_WORK ITEM:_
Repeat the data as given. Images do not go in the copy.

_Pictures with short captions:_

────────────────────────────────────────

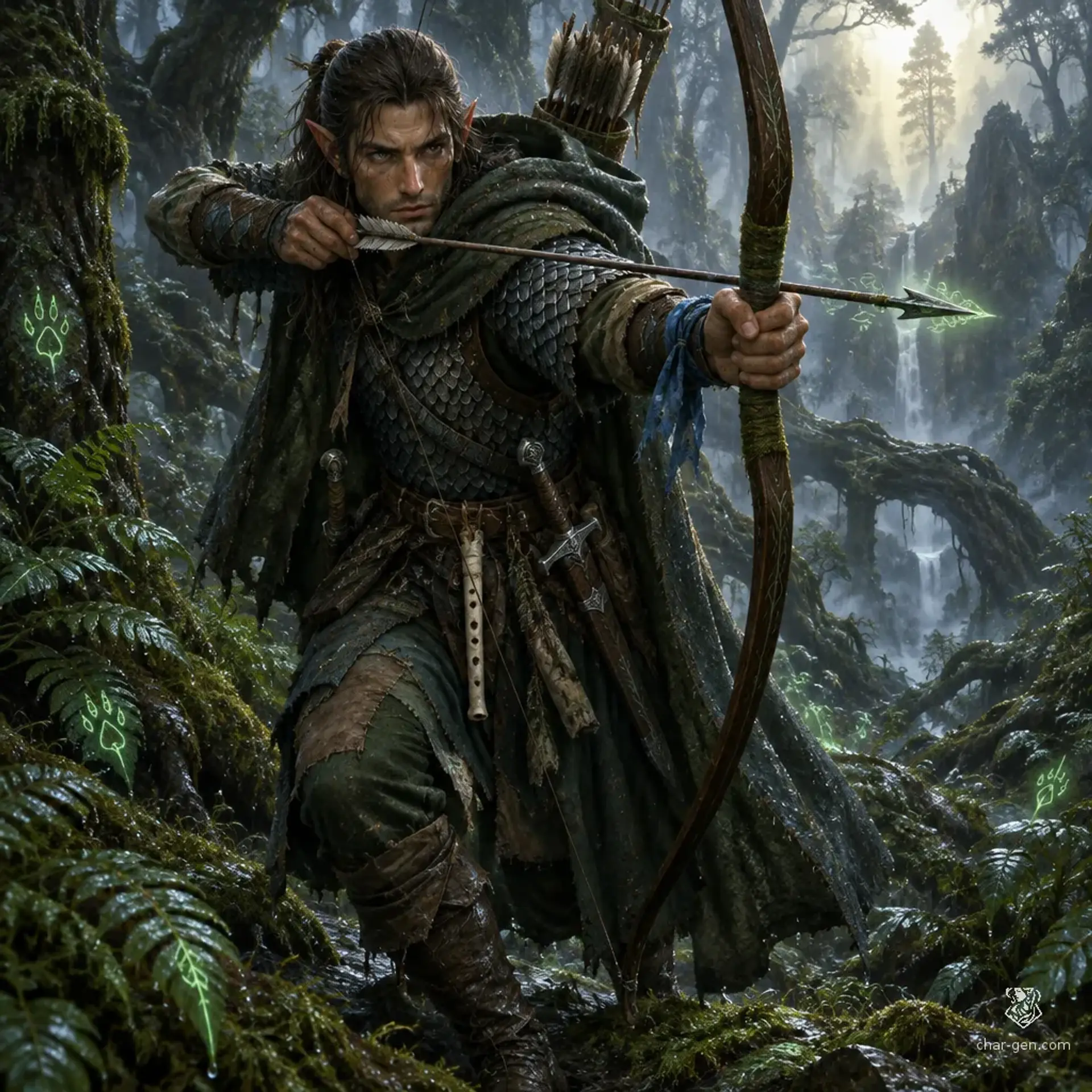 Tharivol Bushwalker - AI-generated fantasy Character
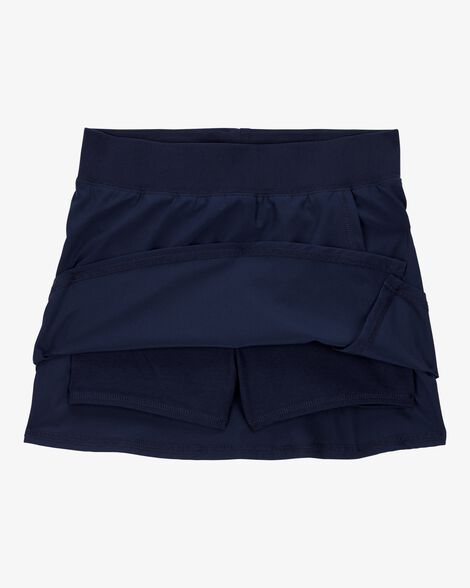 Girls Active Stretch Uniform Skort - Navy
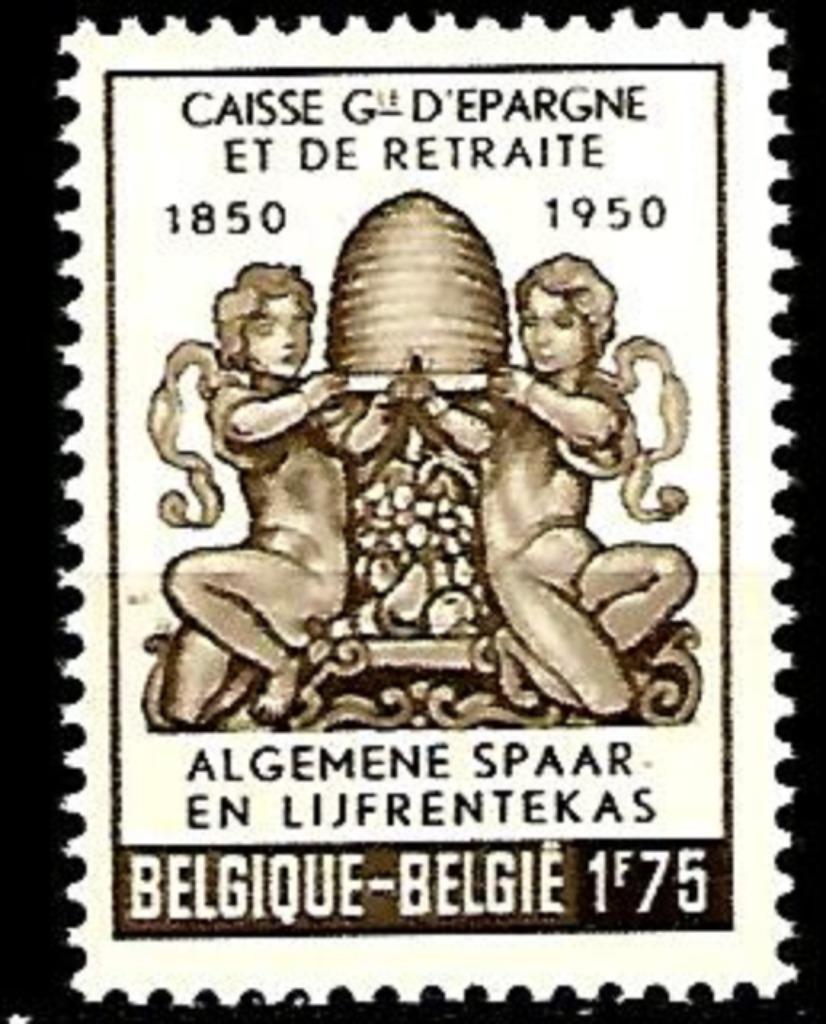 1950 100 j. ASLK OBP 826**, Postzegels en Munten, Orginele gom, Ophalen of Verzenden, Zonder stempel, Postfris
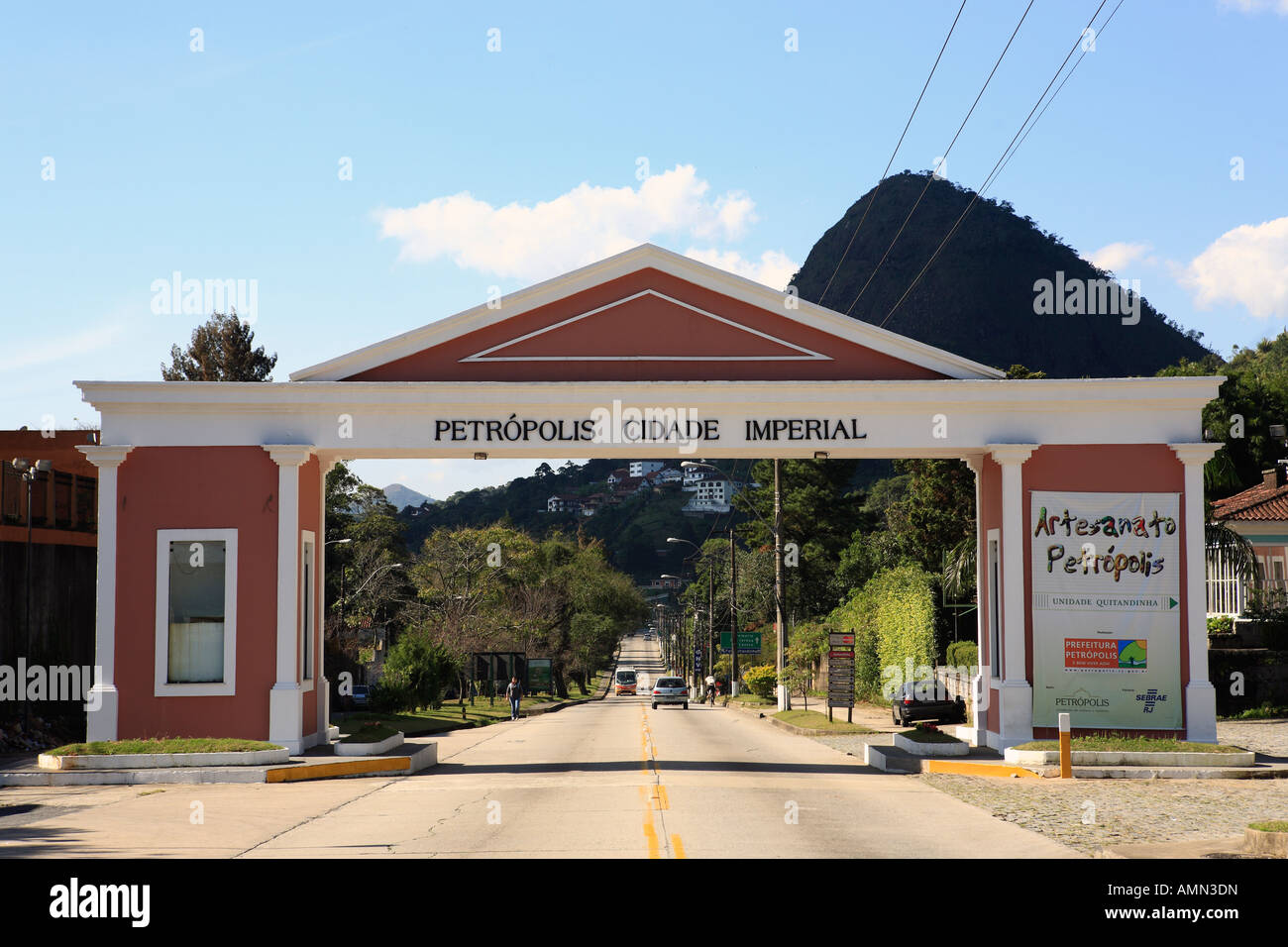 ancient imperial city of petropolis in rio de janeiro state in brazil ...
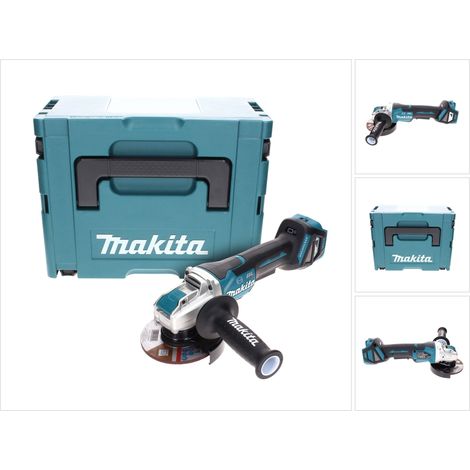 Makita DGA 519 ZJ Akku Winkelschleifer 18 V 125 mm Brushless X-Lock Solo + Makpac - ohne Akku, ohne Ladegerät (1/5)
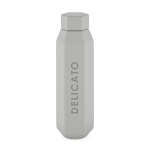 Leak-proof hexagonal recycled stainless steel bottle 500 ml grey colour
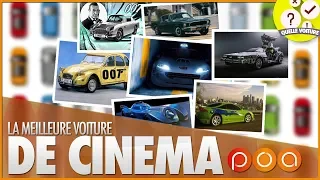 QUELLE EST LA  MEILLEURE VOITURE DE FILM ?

────────────────────────────────────────

_ANSWER SECTION:_
 Tharivol Bushwalker - AI-generated fantasy Character
 Girls Active Stretch Uniform Skort - Navy
 1950 100 j. ASLK OBP 826**, Postzegels en Munten, Orginele gom, Ophalen of Verzenden, Zonder stempel, Postfris
 ancient imperial city of petropolis in rio de janeiro state in brazil ...
 Makita DGA 519 ZJ Akku Winkelschleifer 18 V 125 mm Brushless X-Lock Solo + Makpac - ohne Akku, ohne Ladegerät (1/5)
 Leak-proof hexagonal recycled stainless steel bottle 500 ml grey colour
 QUELLE EST LA  MEILLEURE VOITURE DE FILM ?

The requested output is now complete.